You can watch a video of the session here.
I found that the session on Friday was extremely stimulating and useful. I learnt a great deal from listening to the presentation of my co-panelists. I also got valuable feedback on my paper that will allow us to do a better job of preparing it for submission to the journal. A major theme of the conversation on Friday was slavery, both its historical legacies and the existence of slavery and slavery-like forms of exploitation in the present. In my presentation, I suggested that corporate involvement in crimes against humanity usually, although not necessarily in all cases, involves a company profiting from the mistreat of individuals who have been Otherized. By Otherized, I mean depicted by a regime or a culture as inferior, sub-human, and less deserving of the rights enjoyed by individuals who are members of the locally dominant ethno-racial group.
I prefaced my discussion of the involvement of companies in the historic crime of Black slavery by observing that while historic crimes by firms are, in theory, a separate from discrimination against Otherization populations the most prominent examples of firms having profited by participating in crimes against humanity involved crimes that were directed against Otherized populations (e.g. Jews in Nazi Germany and people of African descent in the British Empire and its offshoots).
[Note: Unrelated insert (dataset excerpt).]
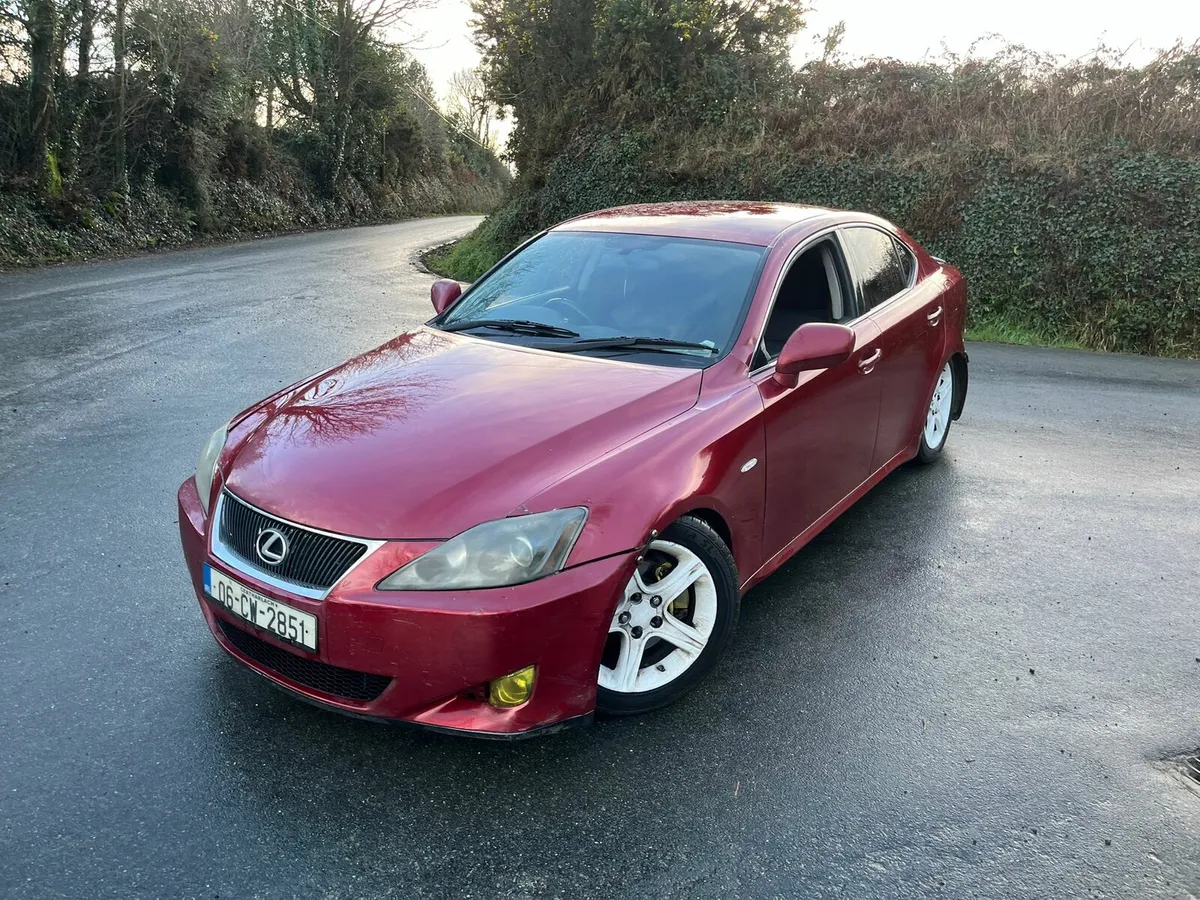 Lexus IS220 - Image 2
I would theorize that the worst types of criminal behaviour involve actions at the expense of marginalized groups because managers who are embedded in cultures that have already Otherized the group in question find it easier to justify their decisions to exploit.
It seems to me that this historical pattern is consistent with what we see in the present, particularly with respect to some patterns we currently see in debates about global supply chains for such commodities as cotton.
Overall, the session was superb. I was pleased by the fact it was diverse in so many dimensions– by presenter demographic background, but also by academic discipline, meta-theoretical orientation, and geography.